Why does a base class make things easier? It easily allows you to maintain any state required by the mapping framework in the entity objects themselves. What type of state do you need to track? You at least need to track whether or not the object is new or existing so you can decide to do an insert or an update. You also need to track if the object has been marked for deletion if you don't process that immediately. Why would you not want to process a deletion immediately? Think transactions and rollbacks mainly. Finally, you also need to track the original values of the entity object's members if you are going to do anything fancy. So far I only use the original values for checking if an object has changed and to enable cancelling changes (which seems to be missing from ObjectSpaces). I can also change my implementation easily to generate more specific updates or introduce optimistic concurrency in the future since I've tracked the original values.
So what can go wrong with a base class? First, some customers do have their own class framework, like it or not, and is it really the O/R mapping framework's business to dictate their own base class if its avoidable. Next, if you agree that the Manager Design Pattern is the approach to take, and you don't plan on actually having Save and Delete methods in your base class, then you also have to question if the state of the entity objects required by the mapping framework belongs in the objects or the manager. I'm not saying its wrong to put the state in the objects here, just that its a fair design question to be asking at this point. OK, but I asked if anything can actually go "wrong" with the base class approach? Well, how many copies of a single instance of an object do you think are valid? A base class approach lets you retrieve multiple copies of the same instance of an object, each with it own state, adding overhead and possibly causing concurrency issues. On the other hand, relying on the manager to track state, without a base class, means that there can only be one copy of each instance of an object that is actually being tracked. Another possible problem with the base class approach is that it may (or may not) make your entity objects non-serializable and/or non-remotable. I suppose that problem goes away if the base class inherits from ContextBoundObject, but that adds its own rather heavy overhead, so one has to ask if that's really the best answer.
So what can go wrong without a base class? Now you have a central manager object that is tracking the state of all your entity objects, but how does it know when to release all this state its tracking? This seems to be the biggest problem I found as I started down my implementation witout a base class, and I think I got it right. First, you need to track whether or not there is actually any actual object that still exists that needs its state to be tracked, without actually holding a reference to the object itself.

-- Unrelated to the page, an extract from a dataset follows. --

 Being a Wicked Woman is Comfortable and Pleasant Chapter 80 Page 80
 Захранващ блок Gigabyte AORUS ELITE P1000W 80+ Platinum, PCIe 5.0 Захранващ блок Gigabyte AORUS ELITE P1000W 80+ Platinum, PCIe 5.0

This is exactly what the WeakReference type is for in the .NET framework. It lets you hold a "reference" to an object while still allowing the garbage collector to ignore your "reference" to it. I certainly can't begin to understand half the code actually used in ObjectSpaces when I look at it, but I did confirm that this was also the solution that Microsoft was using, which makes me feel a little more comfortable. Next, that doesn't actually remove the state that the manager is tracking -- it simply makes it possible to determine the state is no longer needed. So we now have to introduce a thread that will periodically go out and actually check on these WeakReferences and remove the state that is no longer necessary. I created a simple timer for this, and I made the timer's interval configurable -- something that I don't see in ObjectSpaces, although it may be there somewhere. One issue that remains is what to do about server based systems (web, web services, remoting) where the manager will not be able to ever keep WeakReferences? My solution is to also track the time of last access and only remove state that is older than a configurable session time, which defaults to zero for normal in-process desktop applications. I have no clue whether or not Microsoft has also thought about this in ObjectSpaces, although I certainly hope they have if they are going to have ObjectSpaces work in distributed systems.
So, I chose the no base class approach for my O/R mapper, since its what many people want, its what ObjectSpaces will be delivering, and I think its the overall more sound approach. I'm still pretty new at this, so maybe I've missed something, but I think I'm on to something since Microsoft is also taking this approach, although I'm sure everyone can agree they've been known to have missed the boat at times. What do think?